Interesting portfolio idea and experiment, Dwot.  It will be interesting to see any correlation that may arise over time.

I am glad you mentioned the "revolving door" concept as it applies to employee/executive stock options and share buybacks.  If the company is buying back it's own shares, but then issuing stock options at rate of .80 shares for every share repurchased, that really dilutes the effect of a share buyback.  The shares come in one door and out another, with little net effect to the equity holders.  

I think another thought for people who are pro "share buybacks" is that the business throws off enough free cash flow (FCF) that it can afford to fund share buyback programs.  As you've also mentioned, many of these companies are taking on debt to finance the share buybacks.  If they aren't financing it through excess cash, then the business may not necessarily be a strong generator of FCF.  

Another point that I think needs more focus is the debt funded share buyback programs these companies implement.  I suspect many of these companies take on these types of buybacks while ignoring the theoretical change to the equity cost of capital after taking on so much debt.  In many cases, I'd believe the additional implied equity cost of capital to an enterprise loading up on debt would negate many, if not all, benefits of the share buybacks.
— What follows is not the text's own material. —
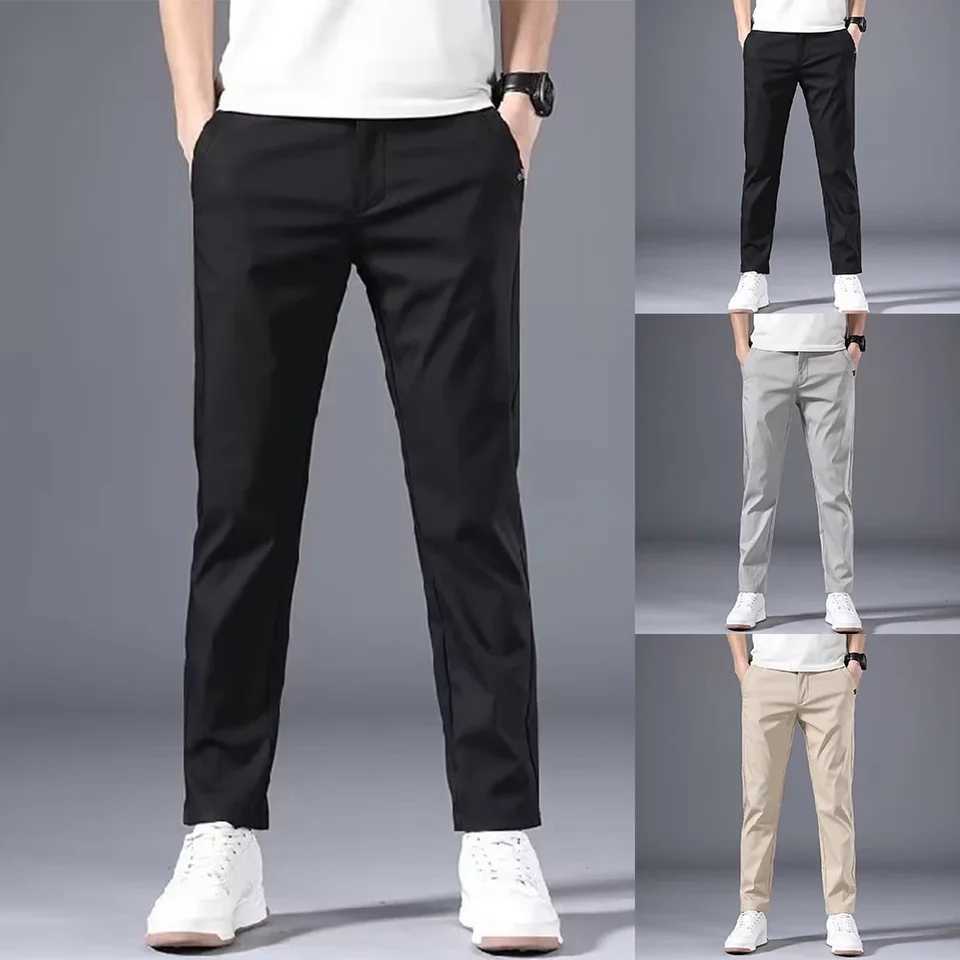 Mens Fashion Slim FIT Stretch Chino Trousers Solid Casual Flat Front Flex Classic Mens Clothes Full Comfortable Seamless PantsX241023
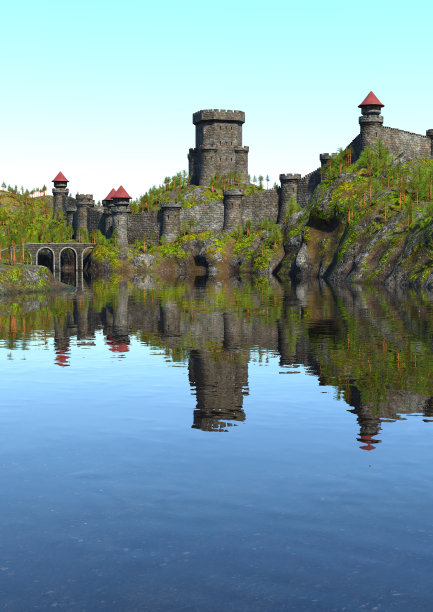 中世纪景观3D插图图片下载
As far as the supply and demand theory goes, buybacks would likely only prop up stock prices short-term.  I think the underlying FCF and ability to consistently buyback stock over long periods of time (without relying on debt funded buybacks) may have a stronger correlation with positive returns.  From what you've mentioned about the number of debt funded buybacks in this portfolio, I'm a little skeptical this portfolio is going to be as effective in beating the market as some people believe.